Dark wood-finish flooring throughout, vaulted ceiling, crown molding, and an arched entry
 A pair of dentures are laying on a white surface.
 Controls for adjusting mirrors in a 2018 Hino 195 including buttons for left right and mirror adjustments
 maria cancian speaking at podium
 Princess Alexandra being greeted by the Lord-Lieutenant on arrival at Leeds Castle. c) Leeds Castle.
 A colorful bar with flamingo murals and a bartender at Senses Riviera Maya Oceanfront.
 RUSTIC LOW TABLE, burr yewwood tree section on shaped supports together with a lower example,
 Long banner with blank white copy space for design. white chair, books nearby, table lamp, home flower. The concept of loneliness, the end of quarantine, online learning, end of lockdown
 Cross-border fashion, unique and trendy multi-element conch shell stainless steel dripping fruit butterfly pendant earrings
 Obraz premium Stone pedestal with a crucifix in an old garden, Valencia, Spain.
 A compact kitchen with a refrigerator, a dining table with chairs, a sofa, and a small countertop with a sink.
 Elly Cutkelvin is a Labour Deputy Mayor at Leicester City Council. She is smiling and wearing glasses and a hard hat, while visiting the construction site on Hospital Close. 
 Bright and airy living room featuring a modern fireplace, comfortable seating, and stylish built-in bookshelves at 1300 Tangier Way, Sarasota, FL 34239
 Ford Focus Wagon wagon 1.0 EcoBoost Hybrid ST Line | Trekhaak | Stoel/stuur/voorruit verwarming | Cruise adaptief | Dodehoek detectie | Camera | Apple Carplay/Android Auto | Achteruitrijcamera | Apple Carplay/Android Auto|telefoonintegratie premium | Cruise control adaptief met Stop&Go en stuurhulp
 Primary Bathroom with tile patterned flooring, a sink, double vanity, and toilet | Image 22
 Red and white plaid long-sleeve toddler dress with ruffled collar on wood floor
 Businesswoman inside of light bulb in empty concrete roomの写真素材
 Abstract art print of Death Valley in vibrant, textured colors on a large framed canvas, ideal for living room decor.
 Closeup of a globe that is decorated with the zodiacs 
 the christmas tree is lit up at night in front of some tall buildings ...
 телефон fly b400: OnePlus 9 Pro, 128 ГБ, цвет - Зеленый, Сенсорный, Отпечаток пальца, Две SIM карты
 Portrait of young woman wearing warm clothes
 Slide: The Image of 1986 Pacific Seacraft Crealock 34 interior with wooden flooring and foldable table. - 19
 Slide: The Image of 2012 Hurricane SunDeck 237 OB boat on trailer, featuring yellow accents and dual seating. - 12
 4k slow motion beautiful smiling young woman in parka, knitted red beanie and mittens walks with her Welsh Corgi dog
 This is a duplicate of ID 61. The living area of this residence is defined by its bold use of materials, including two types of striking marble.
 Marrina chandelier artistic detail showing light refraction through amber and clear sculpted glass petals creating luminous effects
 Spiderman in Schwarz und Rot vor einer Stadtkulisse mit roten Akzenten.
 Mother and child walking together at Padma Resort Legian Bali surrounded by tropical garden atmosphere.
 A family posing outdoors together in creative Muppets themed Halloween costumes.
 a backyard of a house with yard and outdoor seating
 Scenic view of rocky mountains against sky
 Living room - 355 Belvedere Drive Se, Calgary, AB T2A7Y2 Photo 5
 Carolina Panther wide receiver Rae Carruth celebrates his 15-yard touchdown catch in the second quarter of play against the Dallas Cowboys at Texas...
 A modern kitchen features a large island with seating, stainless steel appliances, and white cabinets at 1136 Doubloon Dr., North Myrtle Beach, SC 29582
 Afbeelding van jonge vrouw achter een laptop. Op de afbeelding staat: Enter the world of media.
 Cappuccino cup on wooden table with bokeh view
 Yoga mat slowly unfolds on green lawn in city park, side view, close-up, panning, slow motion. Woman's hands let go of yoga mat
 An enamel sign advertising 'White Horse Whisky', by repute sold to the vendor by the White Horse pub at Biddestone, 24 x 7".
····················
What is expected ▸ If a line of the listing above holds the string "together", copy it.

Output below ▸
 RUSTIC LOW TABLE, burr yewwood tree section on shaped supports together with a lower example,
 Mother and child walking together at Padma Resort Legian Bali surrounded by tropical garden atmosphere.
 A family posing outdoors together in creative Muppets themed Halloween costumes.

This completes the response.